Apricot kernels being sold as cancer cure despite cyanide warnings

The kernel is the soft part inside the seed of the apricot. On average, each kernel contains about 0.5 mg of cyanide. Photo: Wayne TaylorRAW apricot kernels, which authorities say can cause cyanide poisoning, are being sold as an alternative treatment for cancer by a Victorian company.

Despite warnings by Food Standards Australia New Zealand about the dangers of eating the kernels, which have high levels of naturally occurring cyanide, ChiTree, based in the central highlands town of Harcourt, continues to sell them online. The kernels are also available in organic food stores and some Asian supermarkets.

Cancer Council Australia, which says there is no evidence the kernels have curative powers, wants them banned. ”If you eat a large enough amount of this stuff you essentially get cyanide poisoning,” the council’s chief executive, Professor Ian Olver, said.

”Many people think that if it’s derived from a fruit then it can’t be too harmful, but in this case it can be.”

Recent tests of kernels sold by ChiTree to a customer in Queensland who had to be admitted to hospital after eating them found high levels of hydrocyanic acid.
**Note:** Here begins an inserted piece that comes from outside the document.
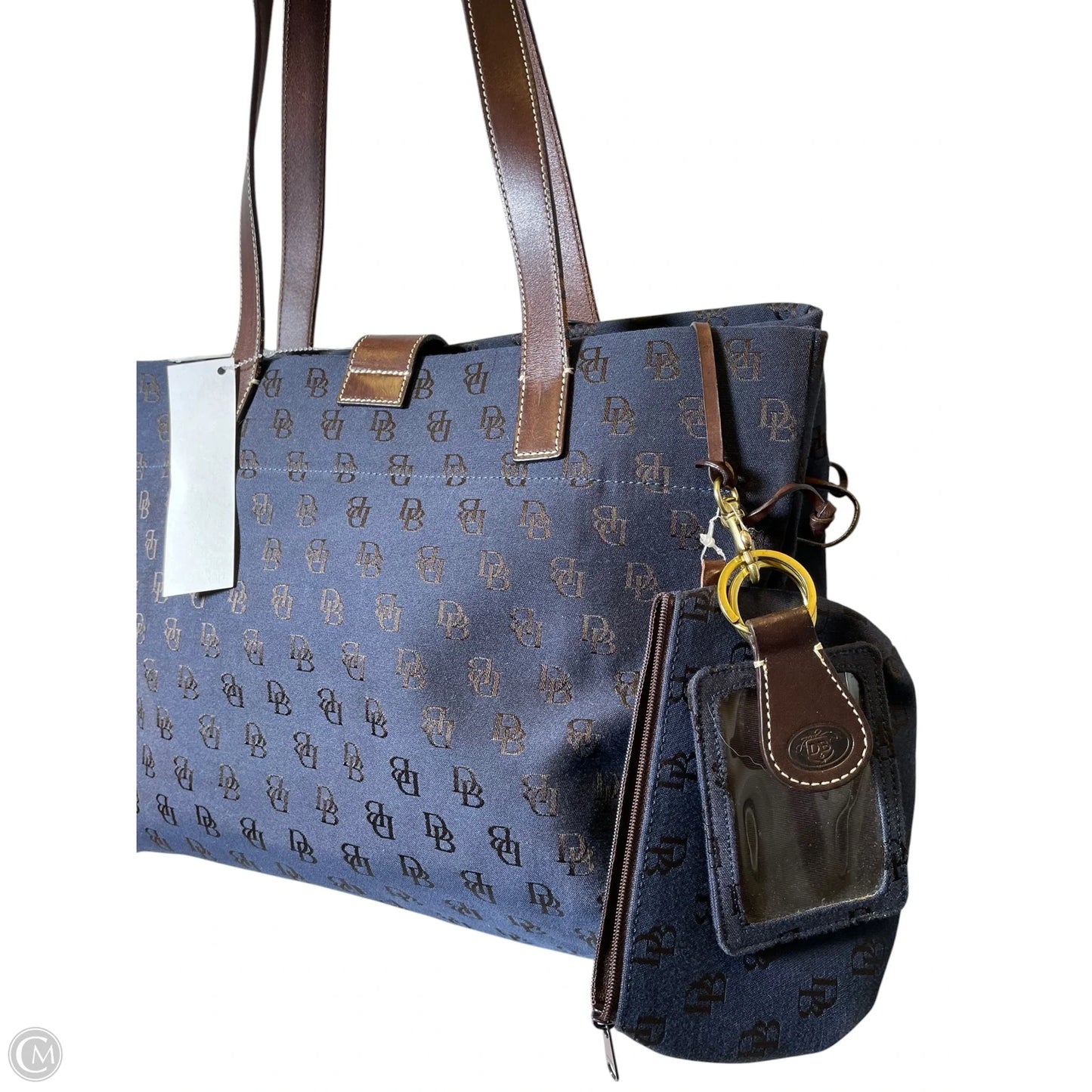 Handbag Designer By Dooney And Bourke, Size: Large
ChiTree temporarily ceased sales and shut down its website but has since resumed business.

The company’s website now carries this warning: ”The consumption of raw apricot kernels may result in adverse reactions. Raw apricot kernels contain amygdalin, which releases naturally occurring hydrocyanic acid. This is toxic in excess. It is the advice of Food Standards Australia New Zealand and the Department of Health that they not be consumed. Please use responsibly.”

ChiTree did not respond to inquiries from The Sunday Age.

Another company, Oznatureshop苏州美甲美睫培训学校419论坛, which has been selling apricot kernels for 11 years, has temporarily removed the product from sale.

There are two types of kernels: bitter and sweet. The bitter kernel is the preferred choice for cancer sufferers using alternative treatments because it contains more amygdalin. Food Standards Australia New Zealand’s Lorraine Belanger said the agency was mainly concerned about the consumption of bitter kernels and was considering listing them as a prohibited food or imposing strict labelling requirements.

Berwick cancer survivor Paul Reid, who has been in remission for 14 years after eating 30 raw bitter apricot kernels a day as part of his treatment, believes a ban would disadvantage other cancer sufferers.

But Victoria’s acting Chief Health Officer Dr Rosemary Lester said only a small number of apricot kernels would need to be eaten to reach potentially unsafe levels of cyanide.